Guests: Lindsay Duncan (actress, plays Ollie), Charlotte Regan (writer/director)
Segment Start: [03:49]
“It's about the kids of a crime family in Glasgow and it's kind of not very crimey. Couldn't afford the shootouts. So it's mostly, you know, them dating and the kind of intimate moments between the shootouts...”
([05:43] Charlotte Regan)
"She's a grandmother, but unlike any grandmother you probably know... women who were not giving up on anything. She's very active... She uses sex as a kind of power play because she's decided, at this point in her life, definitely, that she's living life on her own terms."
([07:53] Lindsay Duncan)
“From the first draft, it said they fly. And Angus, the Scottish producer, was like, ‘fucking hell. This is Angus. It comes. It can't be anything but this. I'm unwilling to compromise.’”
([12:52] Charlotte Regan)
“That was very like the big kind of anchor to the show…” ([15:54] Charlotte Regan)
“It's never controlling. It's always, 'should we?
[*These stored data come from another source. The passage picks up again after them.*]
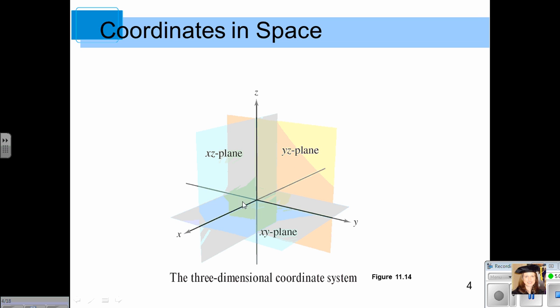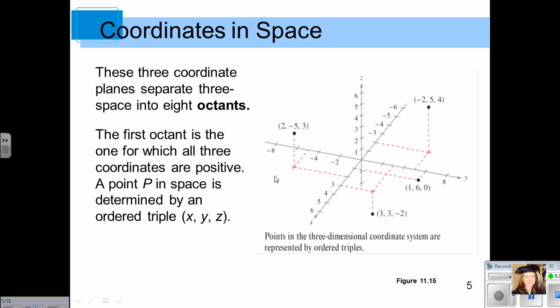The positive octant one is where all the x's, y's, and z's are positive. In two-dimensional graphs, your x and y-axis divide your paper into four quadrants. Well, these three planes divide space into eight octants. The first octant is the one in which all three coordinates are positive.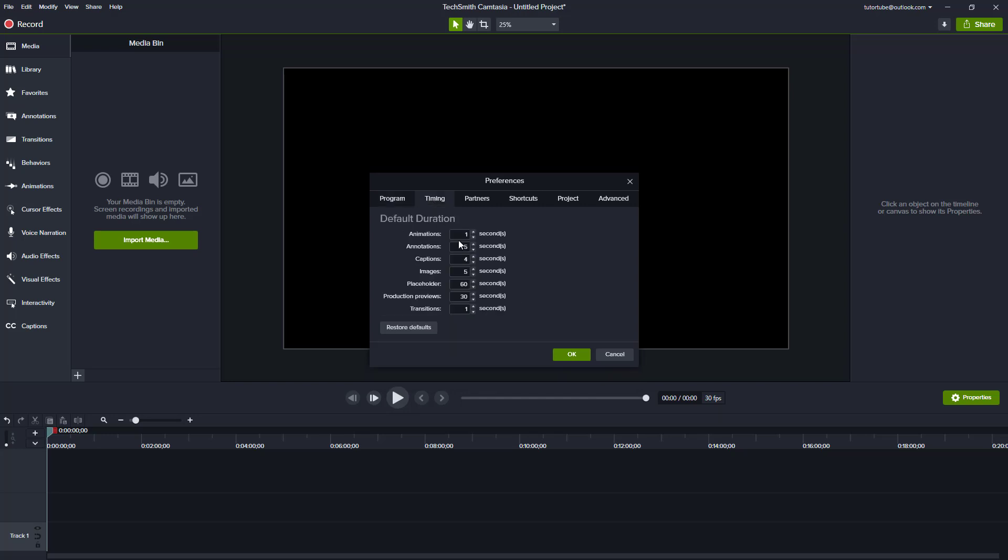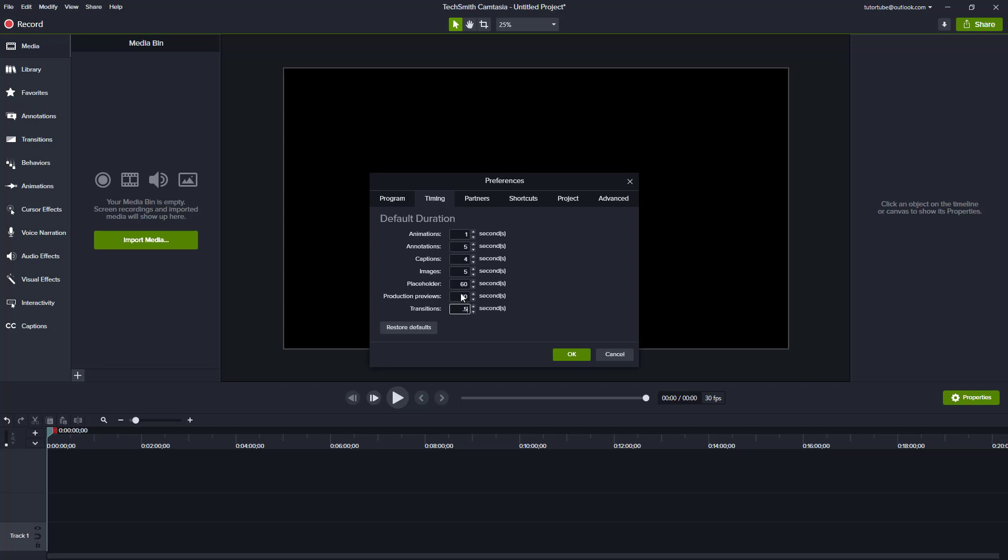The Timing tab controls default durations when you bring in annotations, captions, and transitions. Animations are one second, placeholders are 60 seconds. You can change these - for example, set placeholders to 120 seconds or transitions to 0.5 seconds instead of the default one second. You can also restore defaults anytime.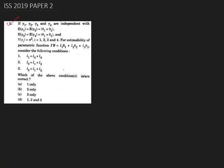In this problem we are given that if y1, y2, y3, and y4 are independent, with expectation of y1 equals to expectation of y2 equals to theta1 plus theta2, expectation of y3 equals to expectation of y4 equals to theta1 plus theta3, variance of yi equals to sigma squared for all i = 1, 2, 3, and 4. For estimability of parametric function l-prime theta, which equals l1*theta1 plus l2*theta2 plus l3*theta3, consider the following conditions.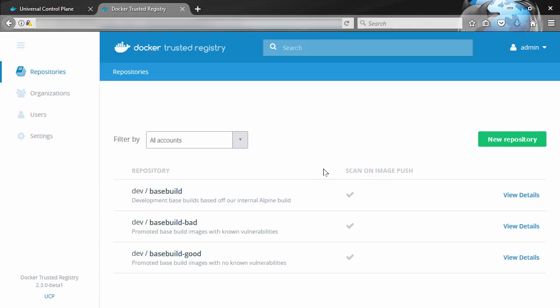We'll take a look at it in a second, but the other feature, immutable repos, lets us set a flag against a repository making everything inside the repository immutable. That means you can no longer delete or overwrite images in it.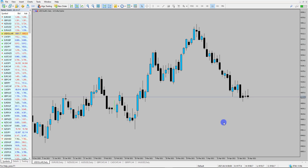Hi and welcome to this Blueberry Markets video update with me, John Kibler, Head Currency Analyst. In this video we're going to take a look at the US Dollar Index ahead of the FOMC statement this evening.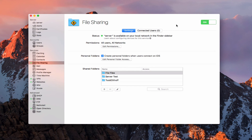Hi, this is Todd Oltoff from ToddOltoff.com, coming back at you with another screencast. This week we're going to finish our look at file sharing by taking a look at how to connect to your file shares on your iOS devices.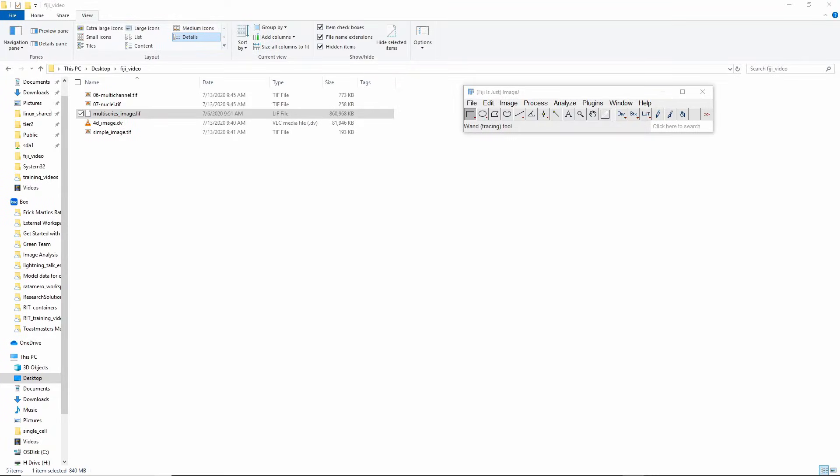Hi everyone, my name is Eric Rattamero and I work in the research IT department at the Jackson Laboratory, which is a non-profit research institute based in Bar Harbor, Maine. Today in this video I'm going to show you a little bit about Fiji and how to do some basic things in that tool.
Could we maybe?'”
([18:54] Lindsay Duncan)
([19:48])
“I just remember watching it and thinking, I just know his character and I don't need to know anything else... I can just sit with him in whatever story he wants to be in now...”
([20:23] Charlotte Regan)
“They so bravely changed tone, you know... I think that massively influenced the writing of Mint.”
([21:25] Charlotte Regan)
([22:15])
“You can really judge an actor by that... On camera, you can do something extraordinary... she's almost transparent... she does it with so little.”
([24:33] Lindsay Duncan)
“If I could swap, if I could be...be someone else as an actor, that...it would be Isabelle Huppert, because I think she's extraordinary.”
([26:18] Lindsay Duncan)
Guest: Thea Gajić (writer/director)
Segment Start: [29:53]
“There is usually always someone in recovery in our audiences who stands up and makes a really tender comment about how the film has given them hope...”
([40:49] Thea Gajić)
“I think it's been really great to constantly talk about something and not have to, like, hide in the depths of grief... through writing a version of him and through re exploring and understanding him more beyond his father role, I think it's been really fulfilling.”
([41:54] Thea Gajić)
([43:22])
“For me, it's like the sheer poetry in the everyday... [the film] reinforced that belief I had that film is the authorship of who wrote it and the collaborators behind it... And I also Just love it for the tenderness in the masculinity...”
([47:07] Thea Gajić)
As usual with Kermode’s live shows, the tone is warm, self-deprecating, candid, and lively, with a strong focus on the creative journey rather than industry platitudes. The guests are unguarded, reflective, and often humorous, offering honest appraisals of their processes and careers.
Summary prepared for listeners seeking an engaging, content-rich recap of the episode’s main discussions, cinematic insights, and memorable moments.